▸ **Task brief**: Using the records below, write out only the lines from the line containing "3125 W Polk Street, Chicago, IL 60612" up to and including the line containing "5bdrm Block of", exactly, with no pictures.

== Exercise inputs

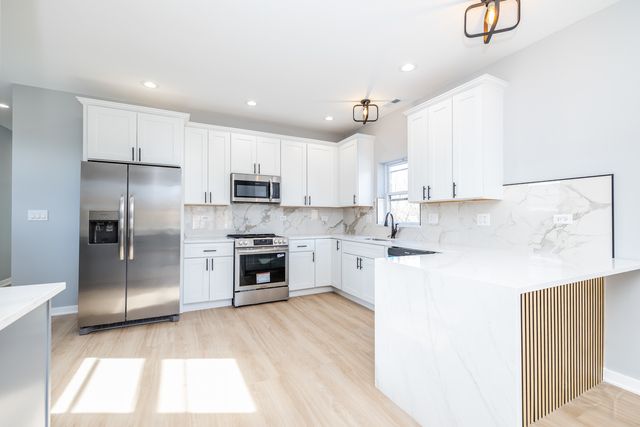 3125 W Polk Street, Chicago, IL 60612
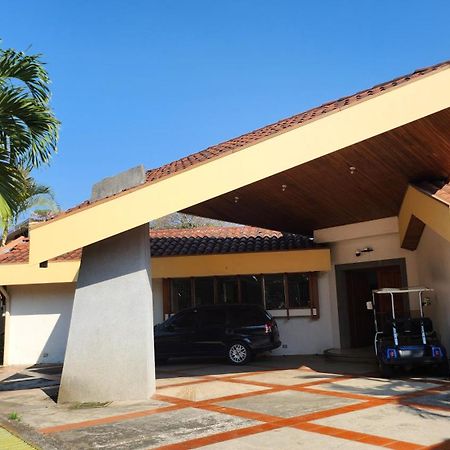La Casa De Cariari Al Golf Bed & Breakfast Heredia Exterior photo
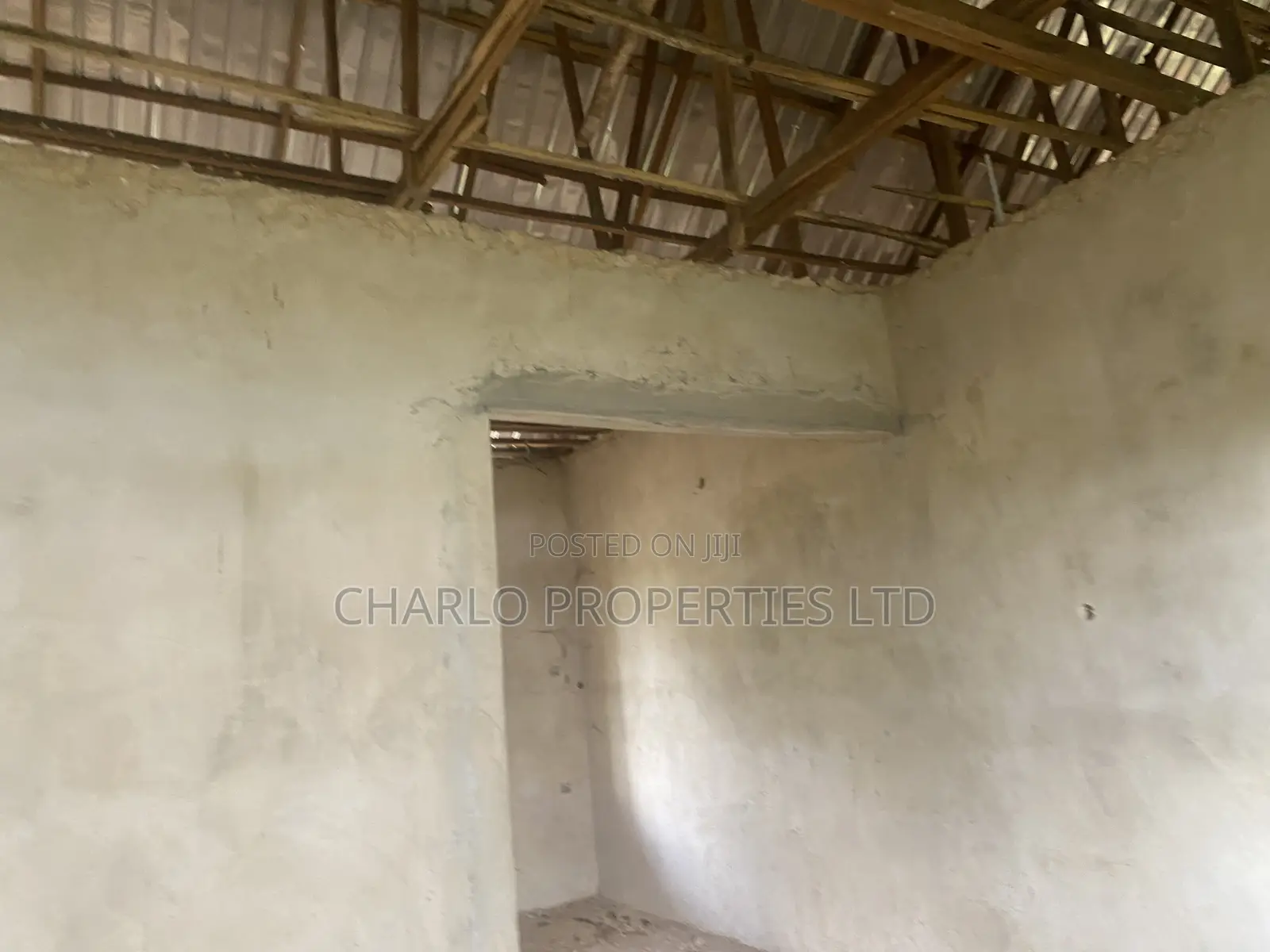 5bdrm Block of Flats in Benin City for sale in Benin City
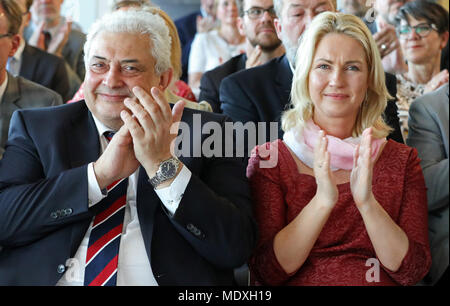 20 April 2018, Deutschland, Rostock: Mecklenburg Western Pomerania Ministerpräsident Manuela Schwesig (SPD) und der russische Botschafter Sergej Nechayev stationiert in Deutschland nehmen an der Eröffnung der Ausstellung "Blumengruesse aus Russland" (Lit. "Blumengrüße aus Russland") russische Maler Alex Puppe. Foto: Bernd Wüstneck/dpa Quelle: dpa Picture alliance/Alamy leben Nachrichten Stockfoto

====
== Exercise inputs

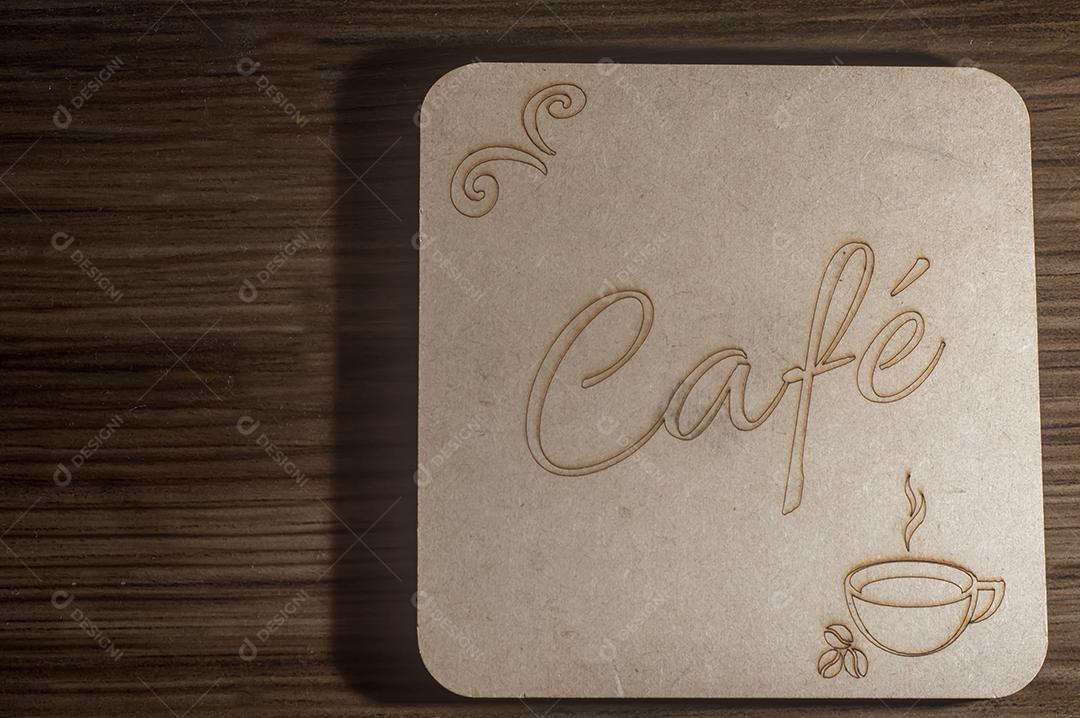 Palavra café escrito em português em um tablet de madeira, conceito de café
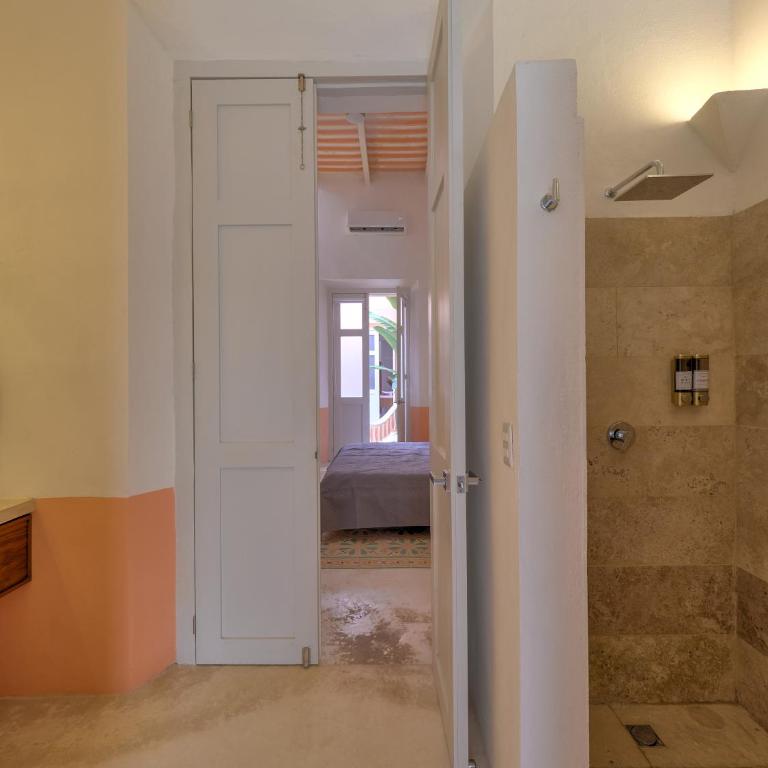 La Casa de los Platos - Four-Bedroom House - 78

====

▸ **Result**:
 3125 W Polk Street, Chicago, IL 60612
La Casa De Cariari Al Golf Bed & Breakfast Heredia Exterior photo
 5bdrm Block of Flats in Benin City for sale in Benin City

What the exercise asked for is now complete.